Would you please transcribe the records below from the line with "Anzeige von Adelgunde Leopold von MGO" through their final line, exactly and with no other lines?

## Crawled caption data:
-*-
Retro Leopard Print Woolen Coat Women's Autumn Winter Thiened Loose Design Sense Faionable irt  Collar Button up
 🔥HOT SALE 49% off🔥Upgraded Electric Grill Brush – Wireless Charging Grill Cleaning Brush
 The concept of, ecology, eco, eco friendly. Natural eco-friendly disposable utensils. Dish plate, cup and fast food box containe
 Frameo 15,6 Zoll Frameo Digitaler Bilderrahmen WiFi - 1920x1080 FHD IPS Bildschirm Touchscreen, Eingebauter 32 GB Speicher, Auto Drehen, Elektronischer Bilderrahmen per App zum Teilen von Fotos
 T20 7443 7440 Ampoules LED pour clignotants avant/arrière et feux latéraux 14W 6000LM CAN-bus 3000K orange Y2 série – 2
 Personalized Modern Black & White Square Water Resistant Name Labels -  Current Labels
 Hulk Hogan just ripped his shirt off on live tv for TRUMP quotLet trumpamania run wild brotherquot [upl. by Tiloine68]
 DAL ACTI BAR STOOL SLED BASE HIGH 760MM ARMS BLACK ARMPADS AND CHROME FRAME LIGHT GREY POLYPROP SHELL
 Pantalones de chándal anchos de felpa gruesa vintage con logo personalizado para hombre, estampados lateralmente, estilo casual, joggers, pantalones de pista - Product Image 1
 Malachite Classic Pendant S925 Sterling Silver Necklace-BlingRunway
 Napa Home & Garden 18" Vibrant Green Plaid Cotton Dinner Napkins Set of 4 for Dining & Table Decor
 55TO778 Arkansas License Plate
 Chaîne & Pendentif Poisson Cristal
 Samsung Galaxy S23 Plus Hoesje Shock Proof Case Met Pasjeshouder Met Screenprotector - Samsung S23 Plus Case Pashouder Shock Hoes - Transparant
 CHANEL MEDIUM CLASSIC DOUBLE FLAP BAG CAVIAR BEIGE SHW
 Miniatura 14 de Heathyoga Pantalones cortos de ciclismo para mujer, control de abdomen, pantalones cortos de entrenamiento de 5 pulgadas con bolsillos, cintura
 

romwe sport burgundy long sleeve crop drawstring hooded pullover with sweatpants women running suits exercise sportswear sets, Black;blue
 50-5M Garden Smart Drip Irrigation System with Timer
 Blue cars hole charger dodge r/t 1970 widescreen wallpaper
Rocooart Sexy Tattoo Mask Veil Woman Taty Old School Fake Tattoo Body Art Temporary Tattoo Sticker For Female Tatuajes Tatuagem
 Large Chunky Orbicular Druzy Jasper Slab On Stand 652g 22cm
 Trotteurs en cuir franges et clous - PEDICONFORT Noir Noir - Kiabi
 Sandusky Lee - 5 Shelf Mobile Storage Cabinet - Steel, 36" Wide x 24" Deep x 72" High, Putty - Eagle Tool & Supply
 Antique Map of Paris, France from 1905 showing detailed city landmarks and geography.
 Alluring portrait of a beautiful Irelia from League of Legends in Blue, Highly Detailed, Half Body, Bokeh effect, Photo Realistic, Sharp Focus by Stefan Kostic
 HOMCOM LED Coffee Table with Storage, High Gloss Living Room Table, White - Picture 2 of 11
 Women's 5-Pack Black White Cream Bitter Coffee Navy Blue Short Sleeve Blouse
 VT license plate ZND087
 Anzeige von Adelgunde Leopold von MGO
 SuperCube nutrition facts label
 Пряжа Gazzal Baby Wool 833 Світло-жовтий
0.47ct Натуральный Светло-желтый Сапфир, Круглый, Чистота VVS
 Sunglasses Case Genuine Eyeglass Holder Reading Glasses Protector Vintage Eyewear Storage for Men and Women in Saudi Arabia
-*-
## RESULT OF THIS EXERCISE:
 Anzeige von Adelgunde Leopold von MGO
 SuperCube nutrition facts label
 Пряжа Gazzal Baby Wool 833 Світло-жовтий
0.47ct Натуральный Светло-желтый Сапфир, Круглый, Чистота VVS
 Sunglasses Case Genuine Eyeglass Holder Reading Glasses Protector Vintage Eyewear Storage for Men and Women in Saudi Arabia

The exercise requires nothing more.